Adam with multiprocessing

I am following the Hogwild example from multiprocessing best practices:

import torch.multiprocessing as mp
from model import MyModel

def train(model):
    # Construct data_loader, optimizer, etc.
    for data, labels in data_loader:
        optimizer.zero_grad()
        loss_fn(model(data), labels).backward()
        optimizer.step()  # This will update the shared parameters

if __name__ == '__main__':
    num_processes = 4
    model = MyModel()
    # NOTE: this is required for the ``fork`` method to work
    model.share_memory()
    processes = []
    for rank in range(num_processes):
        p = mp.Process(target=train, args=(model,))
        p.start()
        processes.append(p)
    for p in processes:
        p.join()

and I’ve adapted it in the context of my reinforcement learning code. The way I construct my optimizer determines whether or not the model learns correctly.
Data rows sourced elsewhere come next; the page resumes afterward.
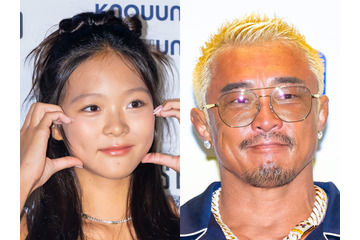 秋山成勲の娘サランちゃん、東京ドームでBLACKPINKメンバーと対面！スタイルの良さに視線集中【PHOTO】 画像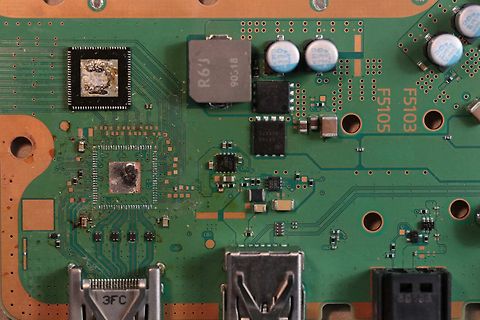 Nahaufnahme einer Leiterplatte mit elektronischen Bauteilen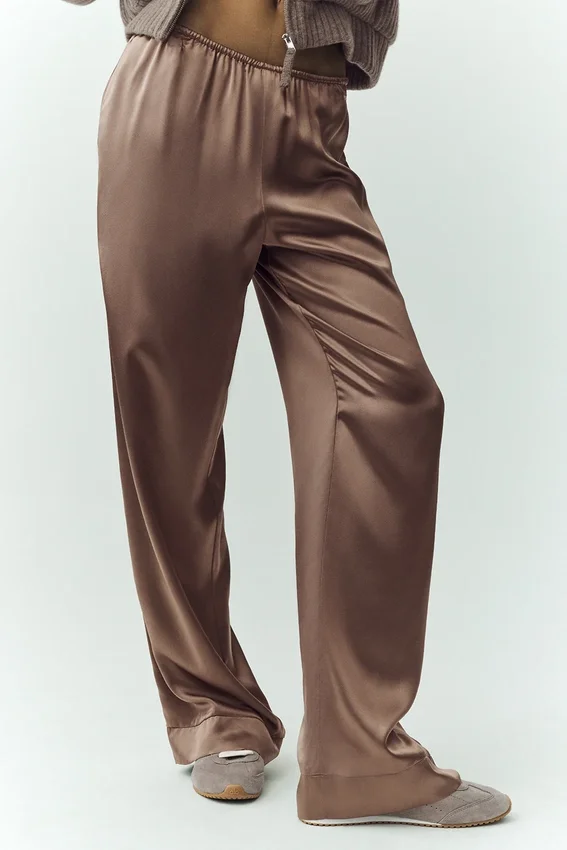 Silk Luminous Byxor (långa) – Alpine Cocoa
What works: I define optim = Adam(model.parameters(), lr=.005) in the main process and pass it into train when creating the processes, i.e. p = mp.Process(target=train, args=(model, optim)). Then, at the start of train, I make a copy of optim local to each subprocess, i.e. optim = deepcopy(optim).

What doesn’t work: I directly define optim = Adam(model.parameters(), lr=.005) inside train. Note: when I do this with SGD, the model does learn!

Is there an obvious explanation as to why doesn’t Adam work in the second approach?

Cc @VitalyFedyunin, wondering if you have any idea, thanks!